- **Work request**
All the lines below should be set down exactly, with no picture carried into the copy.

(Scraped caption text data)
►

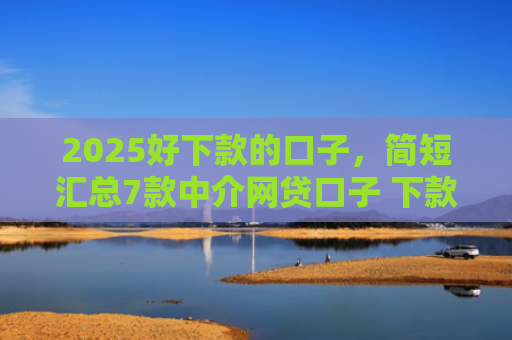 2025好下款的口子，简短汇总7款中介网贷口子 下款高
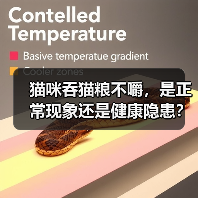 猫咪吞猫粮不嚼,是正常现象还是健康隐患?(图2) 猫咪吞猫粮不嚼,是正常现象还是健康隐患?(图2)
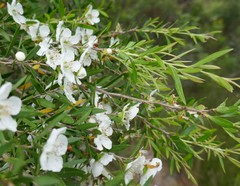 Leptospermum morrisonii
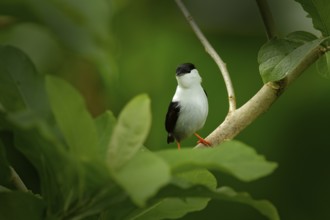 White-bearded Manakin, Manacus manacus, rare bird, Trinidad, Central America. Forest bird, wildlife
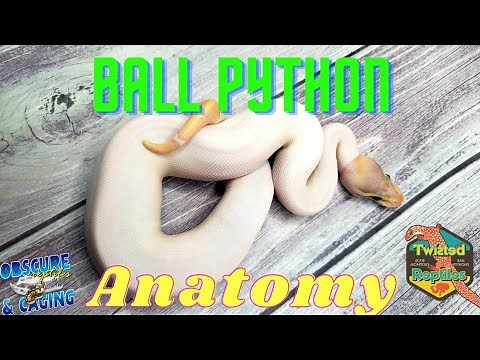 Ball Python Anatomy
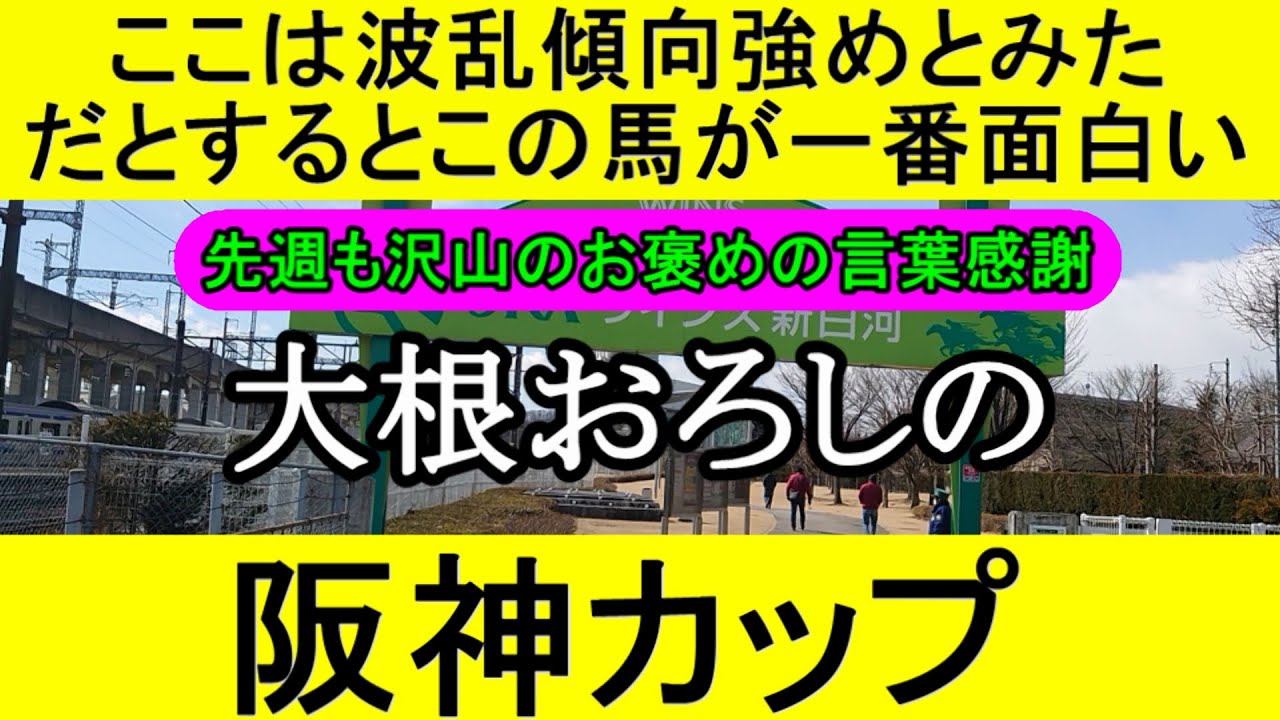 阪神カップ2023のデータから導き出した最終予想【競馬予想】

◄

- **Answer**
 2025好下款的口子，简短汇总7款中介网贷口子 下款高
 猫咪吞猫粮不嚼,是正常现象还是健康隐患?(图2) 猫咪吞猫粮不嚼,是正常现象还是健康隐患?(图2)
 Leptospermum morrisonii
 White-bearded Manakin, Manacus manacus, rare bird, Trinidad, Central America. Forest bird, wildlife
 Ball Python Anatomy
 阪神カップ2023のデータから導き出した最終予想【競馬予想】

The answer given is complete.